Distributed messaging is a communication mechanism, which is different from RPC, HTTP, RMI, etc., in the middle of the message The software uses a distributed intermediate agent to communicate. As shown in the figure, after using message middleware, the upstream business system sends messages, which are first stored in the message middleware, and then the message middleware distributes the messages to the corresponding business module applications (distributed producer-consumer model). This asynchronous approach reduces the coupling between services.
Define message middleware:
Referring to additional components in the system architecture will inevitably improve The architectural complexity of the system and the difficulty of operation and maintenance, soWhat are the advantages of using distributed message middleware in the system? What is the role of message middleware in the system?
During interviews, interviewers often care about the interviewer’s ability to select open source components. This is both It can test the breadth of the interviewer's knowledge, and it can also test the depth of the interviewer's knowledge of a certain type of system. It can also show the interviewer's ability to grasp the overall system and system architecture design. There are many open source distributed messaging systems, and different messaging systems have different characteristics. Choosing a messaging system requires not only a certain understanding of each messaging system, but also a clear understanding of your own system requirements.
The following is a comparison of several common distributed messaging systems:
General concepts in Kafka architecture:
Kafka Topic Partitions Layout
Kafka partitions the Topic. Partitions can be read and written concurrently.Kafka Consumer Offset
Briefly explain the architecture of Kafka?
Producer, Consumer, Consumer Group, Topic, Partition
Kafka Producer uses Push mode to send messages to Broker, and Consumer uses Pull mode for consumption. Pull mode, allowing the consumer to manage the offset by itself, can provide read performance
Consumer group
Are Kafka’s messages in order?
Topic levels are unordered and Partitions are ordered
Does Kafka support read-write separation?
Not supported, only Leader provides external reading and writing services
How does Kafka ensure high data availability?
Copy, ack, HW
What is the role of zookeeper in Kafka?
Cluster management, metadata management
Does it support transactions?
After 0.11, transactions are supported and can be achieved "exactly once"
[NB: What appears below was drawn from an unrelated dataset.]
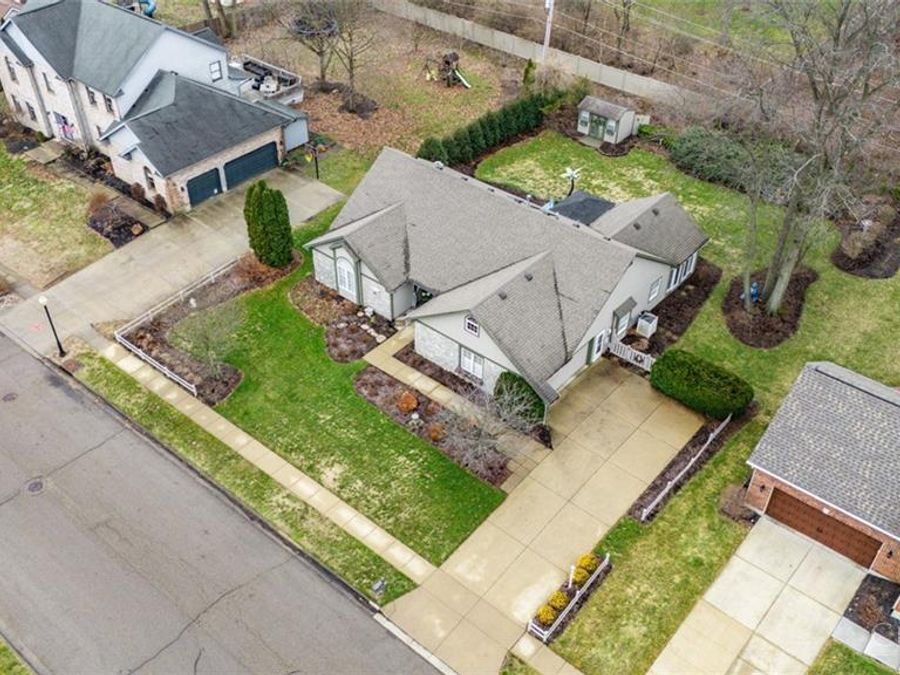 735 Chaucer Lane, Tipp City, OH 45371 Photo 42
Can the number of partitions be reduced?
No, data will be lost
Kafka’s command line tools are in the Kafka package’s /bin
The directory mainly includes service and cluster management scripts, configuration scripts, information viewing scripts, Topic scripts, client scripts, etc.
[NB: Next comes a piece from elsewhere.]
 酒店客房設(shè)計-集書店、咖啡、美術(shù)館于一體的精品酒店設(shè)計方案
We can usually use kafka-console-consumer.sh
and kafka-console-producer.sh
Script to test Kafka production and consumption, kafka-consumer-groups.sh
can view and manage Topics in the cluster, kafka-topics.sh
is usually used to view Kafka's Consumer group situation.
The normal production logic of Kafka producer includes the following steps:
Producer The process of sending messages is shown in the figure below. It needs to go through interceptor
, serializer
and partitioner
, finally sent to the Broker in batches by the accumulator
.
Kafka Producer requires the following necessary parameters:
Common parameters:
batch.num.messages
Default value: 200, the number of batch messages each time, only for asyc kick in.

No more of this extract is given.